The Grand Prix winner for PR at Cannes this year is the well-publicized “Scarecrow” campaign for Chipotle, created by Creative Artists Agency, which partnered with Edelman to garner more than 12.5 million YouTube views and 650,000 downloads of the game version of the video. The campaign builds on Chipotle’s commitment to sustainable food by chronicling the Scarecrow’s journey from the industrialized food complex to a more healthy, wholesome lifestyle.
Speaking of wholesome, the Honey Maid “This is Wholesome” campaign, created by Droga5 and publicized by Weber Shandwick, captured a PR Gold for its portrayal of – and bear hug around — modern families. With one felled swoop, this campaign transformed a nostalgic cracker company into a powerhouse brand.

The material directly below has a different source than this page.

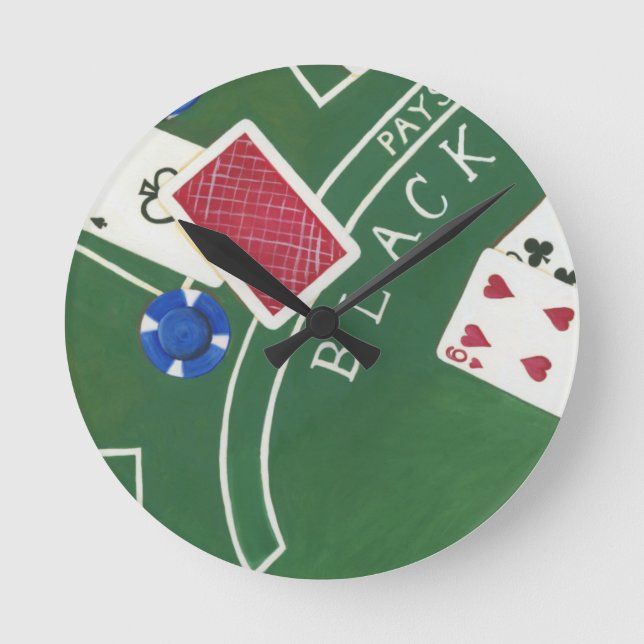 Spiel des Blackjacks mit Chips von Chariklia Zarri Runde Wanduhr (Vorderseite)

Joining Honey Maid for Gold recognition was the UN Foundation campaign “The Autocorrect Truth,” developed by our colleagues at Memac Ogilvy in Dubai. The campaign leverages Google’s autocomplete function to show that, despite the assumption that conversations about gender equality were over, oppressive views about women persist in society today.
In considering these winning campaigns, I was struck by what united them: creativity, excellent execution and effectiveness were all present, to be sure. But what made them stand out to me was how each confronted an obvious reality in such a way so that we were forced to pay attention.
At its core, the Scarecrow campaign is about food, a ubiquitous source of energy for us humans. We value food, but we also value our time and an entire industry of convenience foods has spawned based on not just our need for food but also the premium price we ascribe to our time. The Chipotle campaign forces us to reexamine the value judgments we make every day and ask “what if” – what if there were no trade offs, what if healthy food tasted good, what if convenient food was actually good for you too?
Similarly, “This is Wholesome” is about families, the central social construct governing each of our lives. In exploring the idea of family, the Honey Maid team made the obvious and yet perceptive observation that family has changed over the years. In seeing the creative execution of this observation, we are forced to ask ourselves “what if” a family isn’t defined as just a mom, dad and two kids, what if anyone who loves each other can qualify as a family?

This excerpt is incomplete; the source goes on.